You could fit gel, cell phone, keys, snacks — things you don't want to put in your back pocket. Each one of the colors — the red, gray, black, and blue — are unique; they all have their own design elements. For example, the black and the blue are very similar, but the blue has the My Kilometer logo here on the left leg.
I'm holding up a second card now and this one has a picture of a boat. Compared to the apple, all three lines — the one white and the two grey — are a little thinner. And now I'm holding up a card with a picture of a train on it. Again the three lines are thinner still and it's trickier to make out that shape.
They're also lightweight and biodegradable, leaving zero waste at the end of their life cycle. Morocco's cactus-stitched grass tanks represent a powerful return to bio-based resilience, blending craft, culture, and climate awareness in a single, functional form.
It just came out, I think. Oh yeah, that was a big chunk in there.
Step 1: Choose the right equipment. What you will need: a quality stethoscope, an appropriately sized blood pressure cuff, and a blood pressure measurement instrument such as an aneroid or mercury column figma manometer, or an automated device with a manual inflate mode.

--

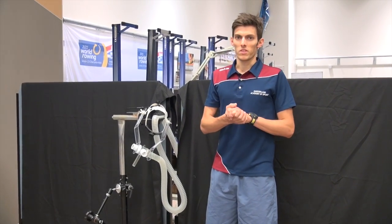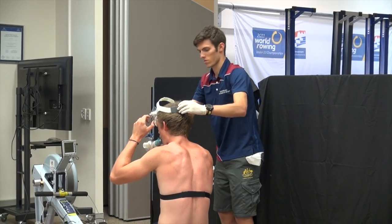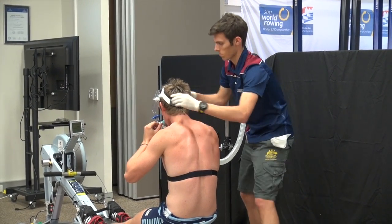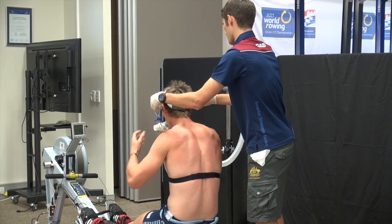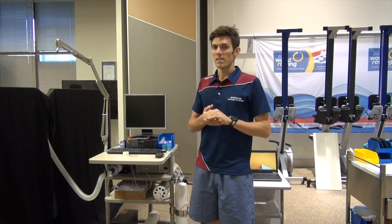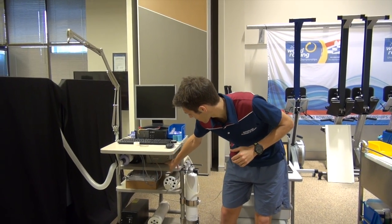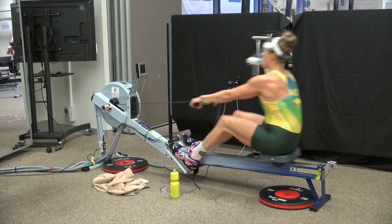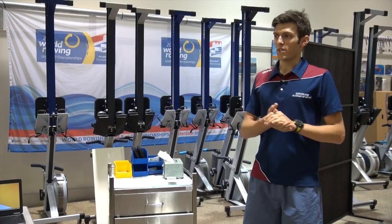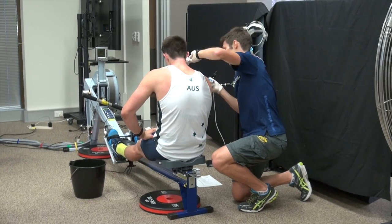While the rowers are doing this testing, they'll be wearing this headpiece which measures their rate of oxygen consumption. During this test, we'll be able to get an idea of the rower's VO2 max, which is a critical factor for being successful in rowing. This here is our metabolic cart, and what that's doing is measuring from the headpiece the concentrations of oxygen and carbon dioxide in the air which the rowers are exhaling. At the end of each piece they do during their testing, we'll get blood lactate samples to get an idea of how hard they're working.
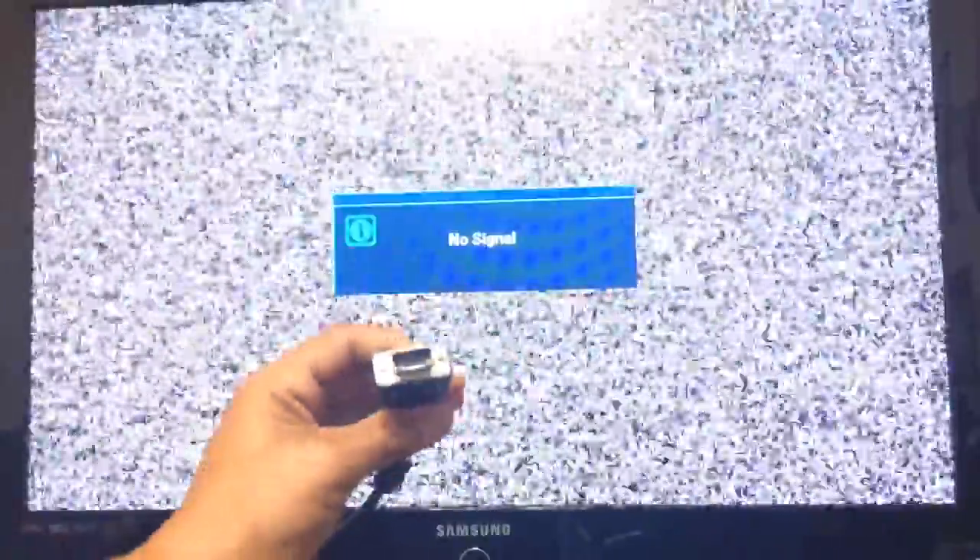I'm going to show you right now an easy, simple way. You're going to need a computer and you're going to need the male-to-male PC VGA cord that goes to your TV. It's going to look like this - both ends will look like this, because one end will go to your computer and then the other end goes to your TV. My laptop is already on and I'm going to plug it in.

** Task goal **
Quote the lines above exactly, starting with the one that has "While the rowers" and ending with the one that has "I'm going to show"; drop the pictures and include nothing else.

** Output for this task **
While the rowers are doing this testing, they'll be wearing this headpiece which measures their rate of oxygen consumption. During this test, we'll be able to get an idea of the rower's VO2 max, which is a critical factor for being successful in rowing. This here is our metabolic cart, and what that's doing is measuring from the headpiece the concentrations of oxygen and carbon dioxide in the air which the rowers are exhaling. At the end of each piece they do during their testing, we'll get blood lactate samples to get an idea of how hard they're working.
I'm going to show you right now an easy, simple way. You're going to need a computer and you're going to need the male-to-male PC VGA cord that goes to your TV. It's going to look like this - both ends will look like this, because one end will go to your computer and then the other end goes to your TV. My laptop is already on and I'm going to plug it in.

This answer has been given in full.